There are, I fear, in some Catholic circles, zealous types who give the impression of being perpetually in attack mode. Such people are, of course, earnest, sincere, doctrinally correct, and committed to the all the worthiest causes. They are also a bit frightening and grim, wound–up too tightly for their own good, and lacking in two essential apostolic virtues: epikeia and eutrapelia. The mission is to win souls, not to alienate them. Epikeia is the virtue by which tempers zeal with patience, and seriousness with good cheer. Eutrapelia is the virtue of wholesome playfulness. One cannot save souls without first winning them, and one will not win them without first making oneself, in some way, and as best one can, winsome. Saint Philip Neri was winsome. Saint Francis de Sales was winsome. Saint Thérèse was winsome. Dublin’s own Blessed Columba Marmion was winsome.
Never was a creature more winsome than the Mother of God.
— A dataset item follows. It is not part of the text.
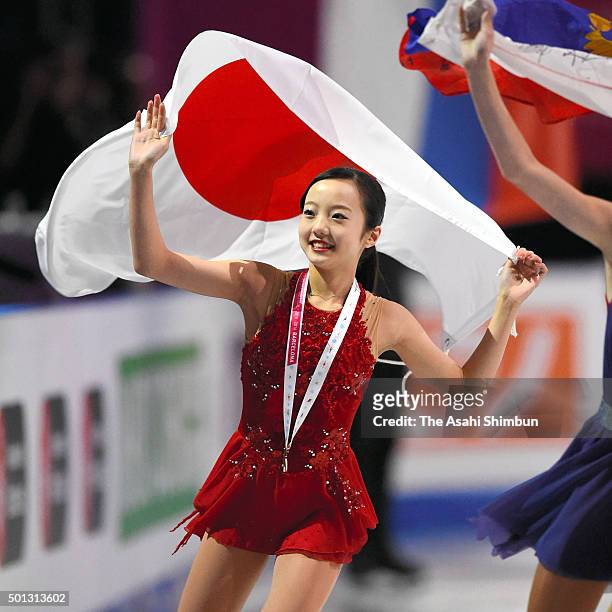 Bronze medalist Marin Honda of Japan applauds fans after the medal ceremony for the Junior Ladies Singles during day three of the ISU Grand Prix of...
This was the experience of Elizabeth:
And it came to pass, that when Elizabeth heard the salutation of Mary, the infant leaped in her womb. And Elizabeth was filled with the Holy Ghost: And she cried out with a loud voice, and said: Blessed art thou among women, and blessed is the fruit of thy womb. And whence is this to me, that the mother of my Lord should come to me? For behold as soon as the voice of thy salutation sounded in my ears, the infant in my womb leaped for joy. (Luke 1:41–44)
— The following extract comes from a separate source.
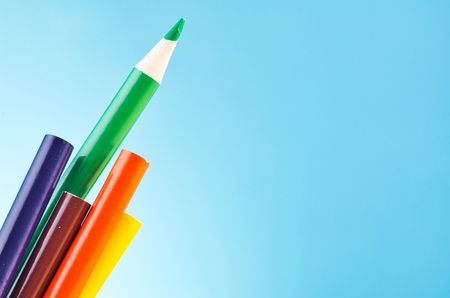close-up image of colourful pencils over beautiful reverberation gradient backgroundの写真素材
We must, I think, once and for all, put aside expectations that fifty or sixty years ago would have been reasonable in Catholic Ireland. God, for instance, meant something. People would have heard of the Holy Trinity. Children could identify Jesus and His Blessed Mother. The Blessed Sacrament inspired reverence and awe: the doffed cap and the bended knee. Notions from the catechism were not altogether forgotten, even by the not–particularly–devout. When in the face of total ignorance of the fundamental tenets of the Catholic faith, when, in the face of vice, or immorality, or impiety, our faces register shock, horror, and dismay, we rather resemble, I fear, that poor chap in the Gospel who thanked God that he was not like the rest of men (cf. Luke 18:11).
The spirit of the Legion of Mary is altogether something else. It is nothing less than the spirit of Mary herself whose greeting at the gate unleashed a joy so penetrating that it caused a baby in the womb to leap for joy.
To give oneself to Mary in her Legion is to take on a challenge that hasn’t changed since that fair spring day when Mary «rising up . . . went into the hill country with haste into a city of Juda, and . . . entered into the house of Zachary, and saluted Elizabeth» (Luke 1:39–40): the challenge of saving souls — one soul at a time.
The spirit of the Legion of Mary is in her Magnificat: undiluted praise and a joy in God that falls upon thirsting souls like dew from heaven. The Magnificat is Mary’s overture to souls whom the world’s empty promises have left disillusioned, bitter, and hopeless.
•Mary comes in and says, «Are you then in need of great things? He that is mighty has done great things to me, and holy is His name». •Mary comes in and says, «Are you miserable? For every misery of yours there is mercy in abundance, for His mercy is from generation unto generations, to them that fear Him». •Mary comes in and says, «Are you as helpless as you are hopeless? Are you without power, influence, and connections? He hath shewed might in his arm: he hath scattered the proud in the conceit of their heart. He hath put down the mighty from their seat, and hath exalted the humble». •Mary comes in and says, «Are you empty inside, aching for whatever will fill the void, hungering for good things, and incapable of Identifying what is lacking? He hath filled the hungry with good things; and the rich he hath sent empty away». •Mary comes in and says, «Have you been rejected, cast aside, snubbed, analysed, categorised, and pronounced unsalvageable? «He hath received (suscepit — the Latin word here means to take up into one’s arms in the way a father lifts up his little child) Israel his servant, being mindful of his mercy».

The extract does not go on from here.